1 Сравните на первых страницах “Похорон кузнечика”: “Я проник зрением под алую, приподнятую пинцетом изнанку своего тела, словно за кулису, за границу поверхности, словно зверь в нору, и не мог отвести взгляда от этого своего пупырчатого, тускло блестящего суверенного нутра, от его бесконечного кошмарного лабиринта, удаляющегося куда-то вперед. Сделай туда один шаг, я заблудился бы внутри себя, как Тезей или мальчик-с-пальчик, и мне показалось, что взором я забрался в себя самого, в свою живую чувствующую утробу, как в темный лес, как в лабиринт, слишком вовнутрь, столь глубоко — как нож, осколок стекла или храбрый герой, — что задохнулся от неожиданного ужаса и нахлынувшего следом омерзения. Как мне жить дальше с этим ошеломляющим открытием? С тем, что я есть и внутри себя самого. Прямо на идеально белую пустыню перевязочного стола и на страшный веер блестящих хирургических инструментов, разложенных тут же, я выблевал рыжее пахучее облако непереваренного обеденного месива” (курсив автора).

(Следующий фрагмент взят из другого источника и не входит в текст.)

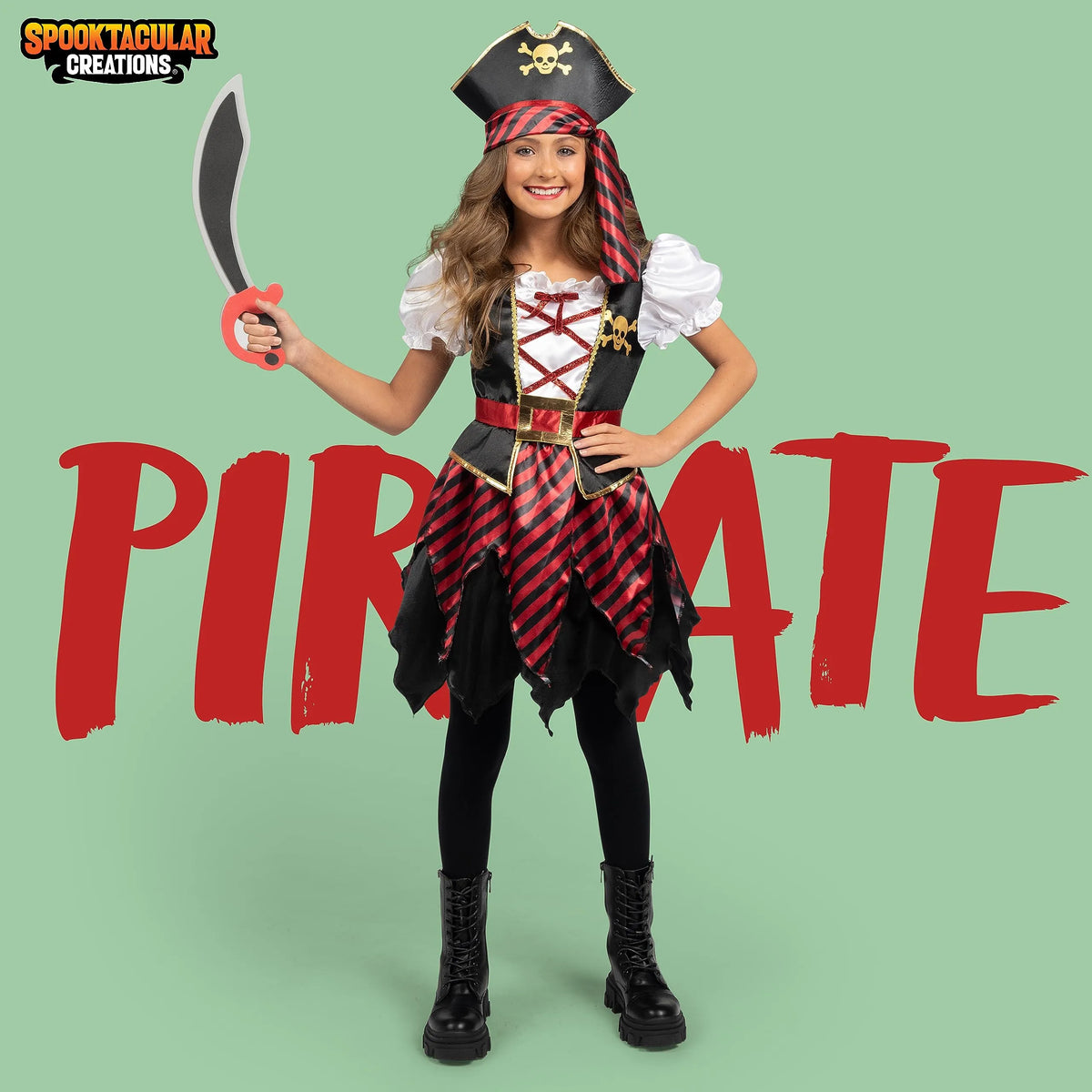 Girls Pirate Costume Set - Dress, Hat, Eye Patch, Accessories For Halloween & Dress Up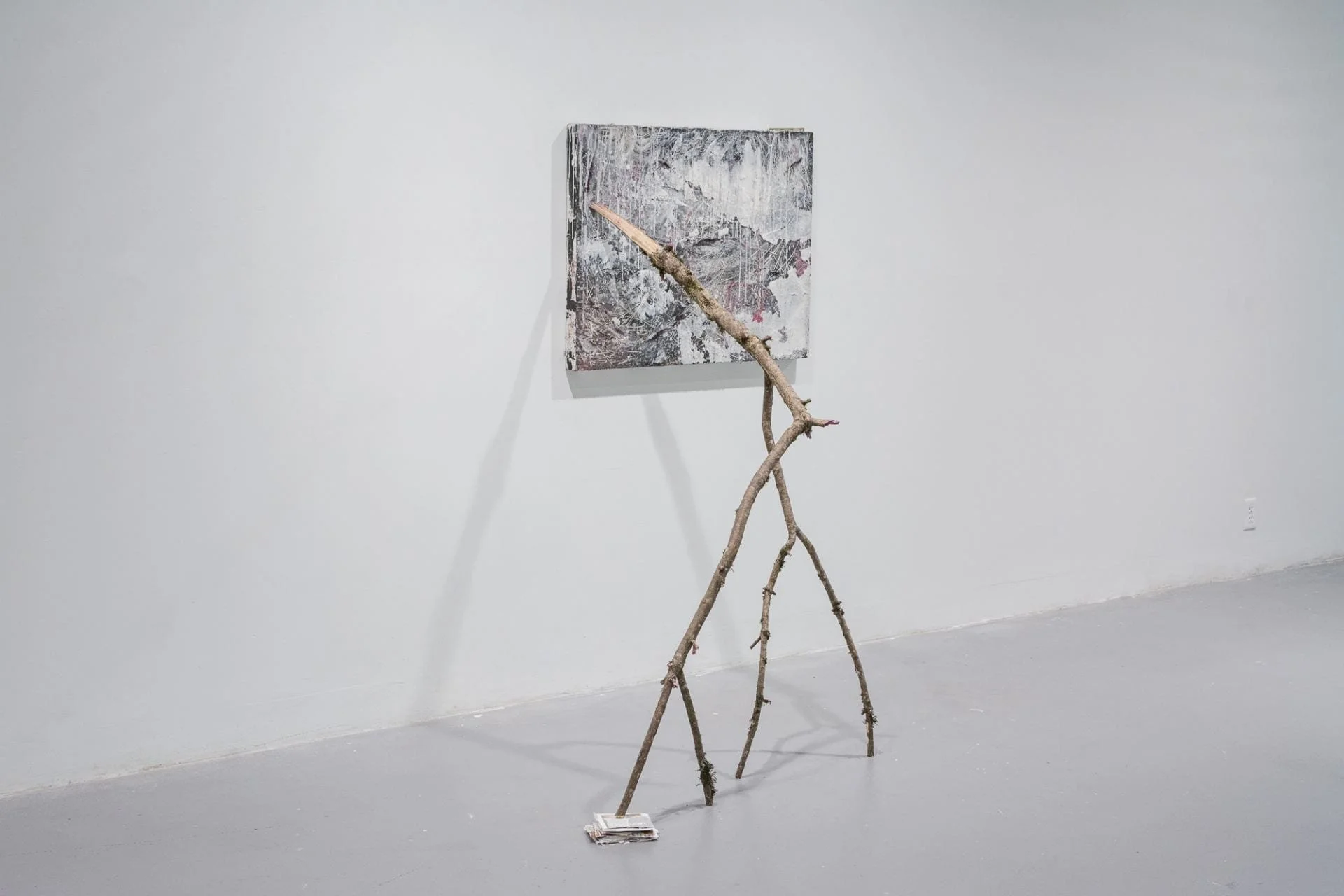 Untitled1, 2021-2022
Materials: Stretched canvas, acrylic paint, soy wax, silicone caulk, glitter nail polish, fake eyelashes, broken tree branch, 2 dollar bill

2 Снова ср. — в “Похоронах кузнечика”: “И кажется, мне удалось разглядеть и в себе самом такой же нарядный и чудный секрет, такой же, как и в моем спичечном коробке, оттопыривающем кармашек штанов. Мне и теперь мнится, что нечто подобное тихо и лучисто происходит в закрытой на ключик дарохранительнице, где хранится чаша с облатками для причастия. Там сияющий Христос размером с личинку! И если приглядеться еще зорче, то в сердце одномоментно войдут, сияя, все благочестивые сцены Святого писания...”

3 Думается, именно этот пограничный жанр, чье название восходит к античным риторикам и обозначает там “украшенное описание произведения искусства внутри повествования, которое он прерывает, составляя кажущееся отступление”, определяет природу творчества Николая Кононова (дефиниция дана по книге: “Экфрасис в русской литературе. Труды

Лозаннского симпозиума”. Под редакцией Л. Геллера. М., “МИК”, 2002, стр. 5).

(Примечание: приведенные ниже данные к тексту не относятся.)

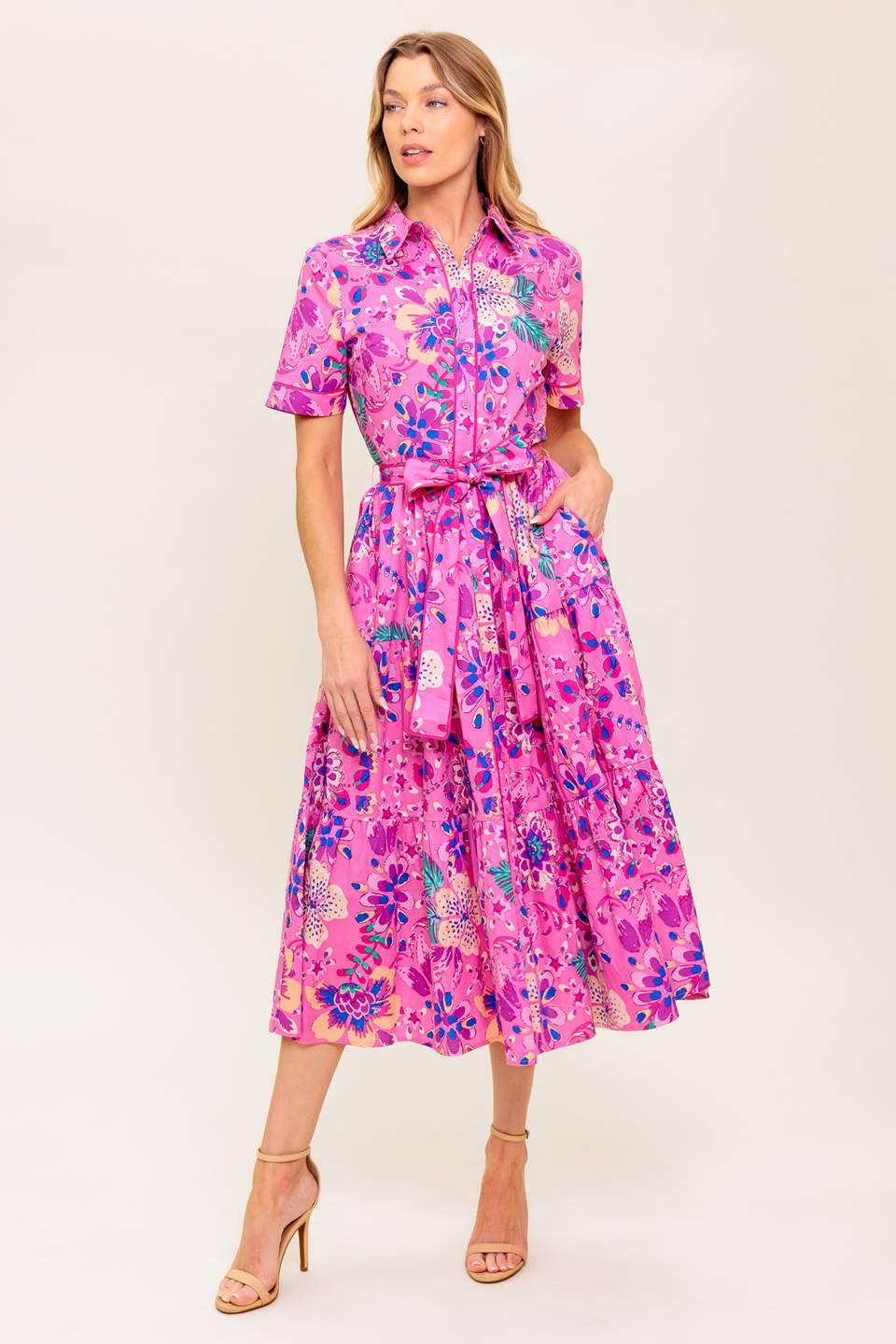 CELESTIAL SKIES WOVEN MIDI DRESS - Glamourous Grace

4 Разумеется, нельзя не увидеть, что “след” выступает здесь не столько в прямом, сколько в терминологическом — дерридианском — понимании, как смысл, возникающий в процессе самоистирания, а потому — абсолютный и самотождественный. Важно, однако, что эта предельная абстракция находит у Кононова абсолютно конкретно-телесное,

визуально-материальное воплощение. А значит — присваивается им.

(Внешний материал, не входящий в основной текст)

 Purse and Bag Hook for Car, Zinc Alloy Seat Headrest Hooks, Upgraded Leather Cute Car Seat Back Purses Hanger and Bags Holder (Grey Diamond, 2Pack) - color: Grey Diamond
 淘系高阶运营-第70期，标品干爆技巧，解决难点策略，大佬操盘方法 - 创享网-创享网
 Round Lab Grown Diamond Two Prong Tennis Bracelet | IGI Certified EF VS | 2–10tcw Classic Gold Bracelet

5 Это “схватывание”, процесс в моменте, дано на материале столкновения зрителя с одной из петергофских статуй (сколь, однако, провокативен оказывается петербургский текст для всех этих экфрастических игр со зрением!): “Эол припухло-детски выдувает

навстречу нашему изучающему взору свое легкое имя, воссоединяя и мраморный облик и мифологическое звание в тот миг, когда дуновенье из его уст достигает всего нашего существа, проницая и насыщая наш взор. Мы получаем ответ, ничего не вопрошая. Наш взор будто оборачивается и приходит к нам, не наткнувшись на преграду”.